» Task description:
Each line below should be repeated exactly as written, with no pictures carried over.

» Data provided:
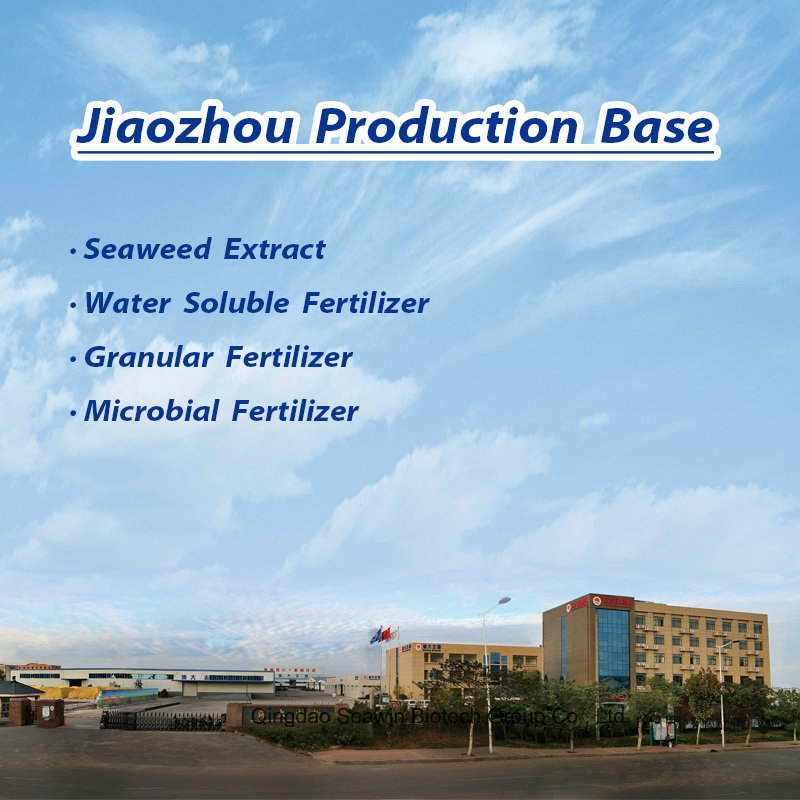 Seaweed Compound Solid Fertilizer NPK 12-6-12 with High Organic Matter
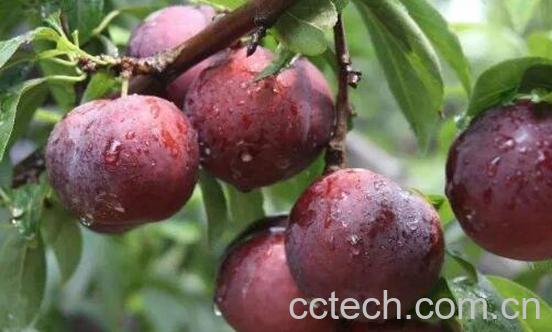 柰子和李子的区别 吃柰子的好处-0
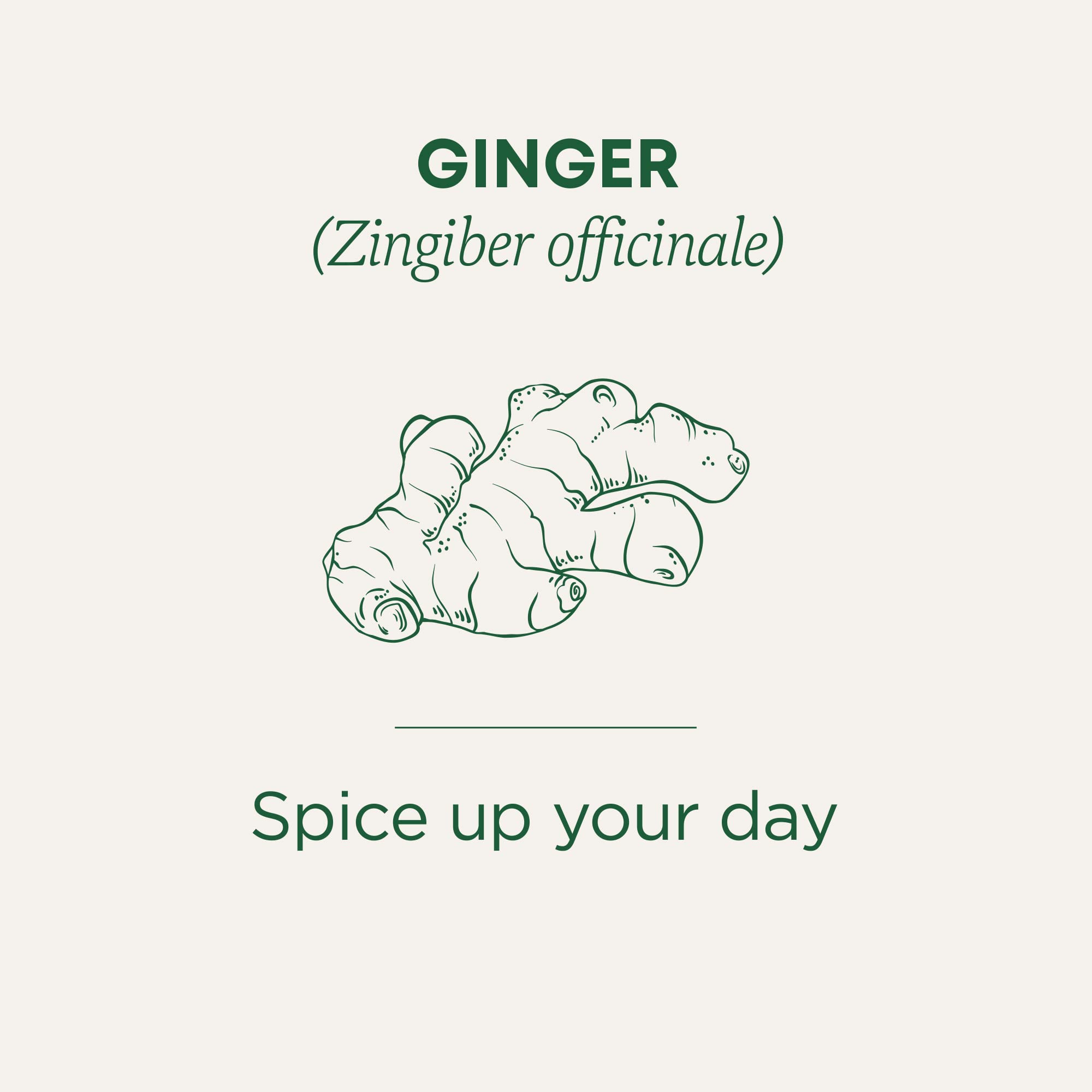 Traditional Medicinals - Organic Ginger (16bg)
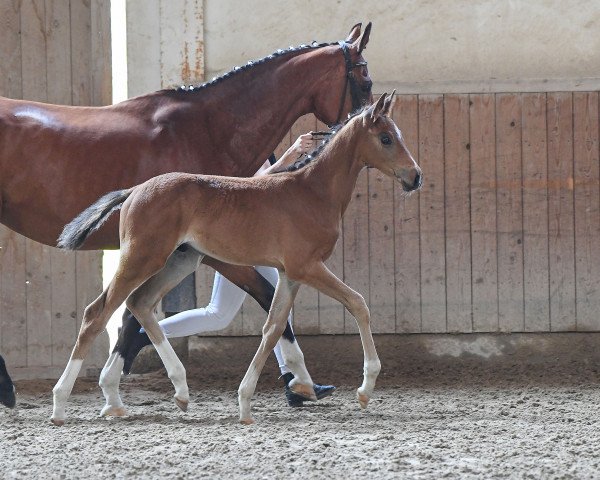 horse Hengst von Canoso / Cola (German Sport Horse, 2019, from Canoso)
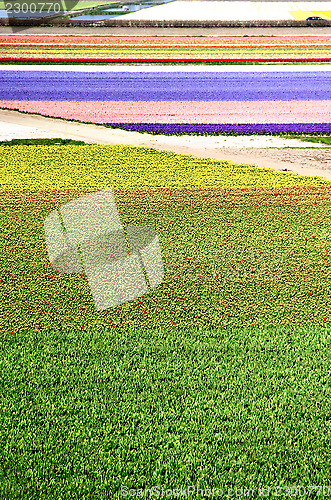 Image of Holland tulip fields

» Answer:
 Seaweed Compound Solid Fertilizer NPK 12-6-12 with High Organic Matter
 柰子和李子的区别 吃柰子的好处-0
 Traditional Medicinals - Organic Ginger (16bg)
 horse Hengst von Canoso / Cola (German Sport Horse, 2019, from Canoso)
 Image of Holland tulip fields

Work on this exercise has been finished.